On discomfort: I don't see anyone here arguing for no discomfort.
On the one hand, discomfort is an inevitable part of change. It is certainly misguided to resist change merely because it causes discomfort (I suspect we all do, though, in many trivial areas of our lives, let alone important ones), but the discomfort in and of itself is not wrong.
Discomfort may be due just to us being set in our ways, and it might be due to bigotry - but it may also be a valid warning sign that something's not right. Have you never looked back on a situation that turned out badly and said to yourself "I felt uncomfortable about it at the time...", only to have ignored your uncomfortable feeling and regretted it?
In the specific case of Felbrigg Hall it may well be that the non-lanyarders were simply being, as Doc Tor put it, low-level bigots, but I don't think the case is proven beyond all reasonable doubt, or that it sets a universal jurisprudence ("all uncomfortable non-lanyard-wearers are bigots"). I've looked at my own sense of discomfort over this issue as honestly as I am able, and so far as I can tell it is because of the presence, as I see it, of organisational coercion.
(ThunderBunk appears, to me at least, to be feeling something similar, albeit using different words).

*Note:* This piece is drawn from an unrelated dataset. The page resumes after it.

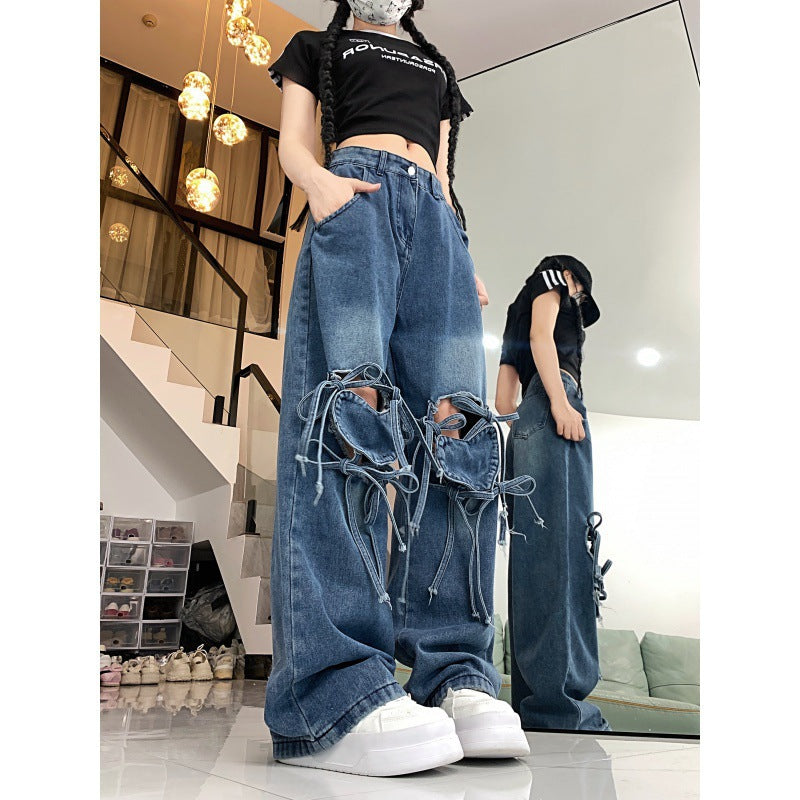 mvrsgreen 2000s fashion Jeans Women's Spring Dopamine Wear Retro Personality Love Strap Design Sense Wide Leg Straight Long Pants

Of course we should strive to progress civil rights, but I don't think this will be achieved long term if in seeking to progress some civil rights we trample others in the process, starting with the individual right to freedom of conscience.
(Could it be that difference between Felbrigg Hall and the other P&P sites was not that they have more bigoted volunteers but that the way the initiative was presented meant the line of organisational coercion was crossed?)

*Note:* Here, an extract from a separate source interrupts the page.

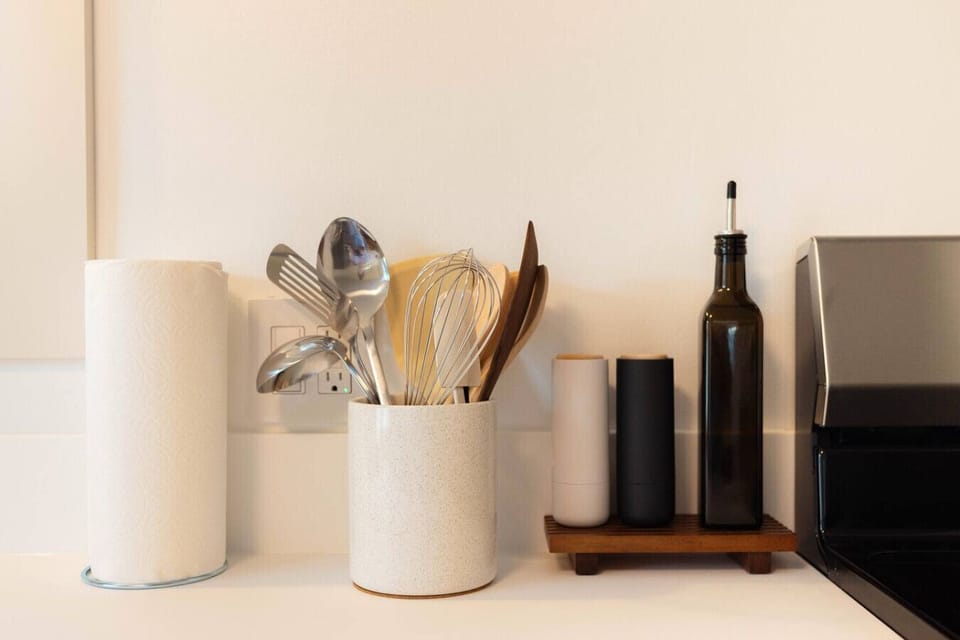 Modern kitchen stocked with essentials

TL;DR: discomfort is not in and of itself bad and the reasons for it deserve exploring.
On privilege:
My personal experience is that becoming meaningfully aware of one's own privilege is not the product of activism on behalf of the minority in question.
Activism has a role, and might possibly make a majority intellectually aware of its privilege. But if there's nothing but activism, it may well actually harden the stance of the privileged.
(The really perverse bit to my mind - having learned of the Useful Idiot concept here in DH thanks to Joesaphat - is that this may actually be the intent of some militants, because it legitimises increasingly aggressive action.*)
Speaking for myself, the instances which have made me meaningfully aware of my privileges (i.e. which have changed my thinking and behaviour, hopefully for the better) have been the result of interacting with people who have become close to me in one way or another and who, rather than acting as activists, behaved as ambassadors unawares. The result being that when they fell foul of a lack of privilege, my empathy has been for them as a person, not as a cause, and been an immediate epiphany.
== *Actual example: organiser of an intersex conference I attended actively inviting participants to go and burn a few uncooperative doctors' cars (whilst carefully ruling out doing so himself). [ 09. August 2017, 06:02: Message edited by: Eutychus ]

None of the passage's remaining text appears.